Celebrate with some bubbles
Written by The Flat Hat|
December 5, 2008
Shiny metallic foil, a loud pop and flowing bubbles — nothing says “celebrate” quite like champagne. Whether authentic or American, there’s something about millions of tiny bubbles that makes it difficult not to feel more festive.
With the holiday season upon us, we decided to do a taste test to determine the best bubbles for your buck. For $8 or less, you’ll be set to celebrate every holiday from Blowout to New Year’s Eve with the best of the bottom shelf.
Of course, real champagne is grown exclusively in the Champagne region of France and can set you back quite a bit of cash. Instead, we tested five sparkling wines that market themselves as American champagne.
The favorite by far, Ballatore Spumante, is a light, extremely sweet champagne that floats over the tongue. The most fun and festive of the bunch, it is easy to drink, lacking the harshness common in champagnes — especially in cheap bottles.
Though technically Italian for “sparkling wine,” in the United States, spumante indicates a sweeter champagne.
Despite the initial gasp of glee upon first sipping this champagne, don’t plan to drink it exclusively for too long. A bit too tangy, it leaves a slightly bitter aftertaste. If you don’t like the overwhelming sweetness alone, it would mix well in a mimosa.

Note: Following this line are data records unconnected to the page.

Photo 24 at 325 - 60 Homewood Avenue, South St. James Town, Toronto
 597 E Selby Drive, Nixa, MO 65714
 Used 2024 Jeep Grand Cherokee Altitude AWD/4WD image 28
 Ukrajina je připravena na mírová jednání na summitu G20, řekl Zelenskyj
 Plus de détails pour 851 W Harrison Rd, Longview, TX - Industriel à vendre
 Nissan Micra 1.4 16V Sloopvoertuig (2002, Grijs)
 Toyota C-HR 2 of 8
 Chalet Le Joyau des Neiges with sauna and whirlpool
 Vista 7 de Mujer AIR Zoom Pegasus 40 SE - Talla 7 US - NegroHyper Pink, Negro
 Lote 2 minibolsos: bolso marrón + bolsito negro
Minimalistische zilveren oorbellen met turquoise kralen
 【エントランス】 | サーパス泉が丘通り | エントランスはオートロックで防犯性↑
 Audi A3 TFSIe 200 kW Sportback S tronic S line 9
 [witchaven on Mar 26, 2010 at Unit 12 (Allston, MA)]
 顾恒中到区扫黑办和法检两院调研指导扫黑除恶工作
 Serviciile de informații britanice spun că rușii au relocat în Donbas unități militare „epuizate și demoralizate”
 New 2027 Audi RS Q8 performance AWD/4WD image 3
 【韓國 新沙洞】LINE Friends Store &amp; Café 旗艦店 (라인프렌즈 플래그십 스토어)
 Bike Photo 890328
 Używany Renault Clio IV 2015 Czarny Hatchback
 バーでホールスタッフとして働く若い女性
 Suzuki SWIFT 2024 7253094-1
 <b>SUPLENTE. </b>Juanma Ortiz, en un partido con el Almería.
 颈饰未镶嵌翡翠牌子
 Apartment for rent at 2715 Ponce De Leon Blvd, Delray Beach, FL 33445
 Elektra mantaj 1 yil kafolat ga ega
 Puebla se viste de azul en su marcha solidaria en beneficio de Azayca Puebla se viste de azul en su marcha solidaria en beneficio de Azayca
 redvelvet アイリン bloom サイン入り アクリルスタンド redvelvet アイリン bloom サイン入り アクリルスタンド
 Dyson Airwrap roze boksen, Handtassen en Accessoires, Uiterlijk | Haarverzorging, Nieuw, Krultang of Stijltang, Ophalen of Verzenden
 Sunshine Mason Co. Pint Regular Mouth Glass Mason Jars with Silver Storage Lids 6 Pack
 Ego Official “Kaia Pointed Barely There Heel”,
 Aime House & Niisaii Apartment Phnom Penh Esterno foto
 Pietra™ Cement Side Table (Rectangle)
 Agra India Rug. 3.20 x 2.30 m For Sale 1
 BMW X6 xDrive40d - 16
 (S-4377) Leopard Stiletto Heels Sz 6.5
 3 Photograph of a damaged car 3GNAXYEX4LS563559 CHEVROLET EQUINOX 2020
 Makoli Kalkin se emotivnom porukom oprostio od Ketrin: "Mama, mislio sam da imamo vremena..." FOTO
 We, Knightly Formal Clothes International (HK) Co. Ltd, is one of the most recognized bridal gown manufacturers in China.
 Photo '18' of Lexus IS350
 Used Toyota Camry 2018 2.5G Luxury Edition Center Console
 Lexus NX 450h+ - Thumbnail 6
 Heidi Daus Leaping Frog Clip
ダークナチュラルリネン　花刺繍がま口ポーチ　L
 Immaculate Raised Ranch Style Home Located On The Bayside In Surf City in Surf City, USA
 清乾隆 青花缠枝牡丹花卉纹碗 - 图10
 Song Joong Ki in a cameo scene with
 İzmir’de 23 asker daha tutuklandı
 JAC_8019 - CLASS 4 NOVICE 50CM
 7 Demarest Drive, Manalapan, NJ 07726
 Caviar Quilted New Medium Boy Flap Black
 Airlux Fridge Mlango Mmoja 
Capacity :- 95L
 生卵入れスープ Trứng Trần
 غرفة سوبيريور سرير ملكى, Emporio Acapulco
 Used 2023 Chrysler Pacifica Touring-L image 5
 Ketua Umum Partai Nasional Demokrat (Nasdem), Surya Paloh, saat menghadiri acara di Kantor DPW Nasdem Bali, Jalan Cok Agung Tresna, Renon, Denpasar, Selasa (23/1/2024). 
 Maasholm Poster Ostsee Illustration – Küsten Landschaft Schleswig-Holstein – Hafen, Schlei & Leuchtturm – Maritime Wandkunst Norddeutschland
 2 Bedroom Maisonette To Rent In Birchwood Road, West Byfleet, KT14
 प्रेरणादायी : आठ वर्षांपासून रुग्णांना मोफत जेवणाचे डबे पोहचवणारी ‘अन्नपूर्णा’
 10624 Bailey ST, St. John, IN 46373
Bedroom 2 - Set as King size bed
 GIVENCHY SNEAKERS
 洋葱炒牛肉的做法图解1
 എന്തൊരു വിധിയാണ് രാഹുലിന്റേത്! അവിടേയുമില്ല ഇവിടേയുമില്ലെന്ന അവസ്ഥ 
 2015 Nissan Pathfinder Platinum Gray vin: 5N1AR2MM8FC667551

An atypical champagne, André Cold Duck, came in a clear second despite being far from ideal. Fruitier than the others, it hits the tongue with a fun sweetness. Trying to savor it, however, just causes the tongue to recoil. It’s good as long as you don’t keep it in your mouth very long.
Cold duck was inspired by the German tradition of combining leftover wine and champagne. Originially called kaltes Ende (cold end), the name evolved to kalte Ente (cold duck) — likely a reflection of the mediocrity inescapable in such a blend. In the United States, the recipe — trendy during the ’70s — usually involves some variation of mixing California red wine and New York sparkling wine.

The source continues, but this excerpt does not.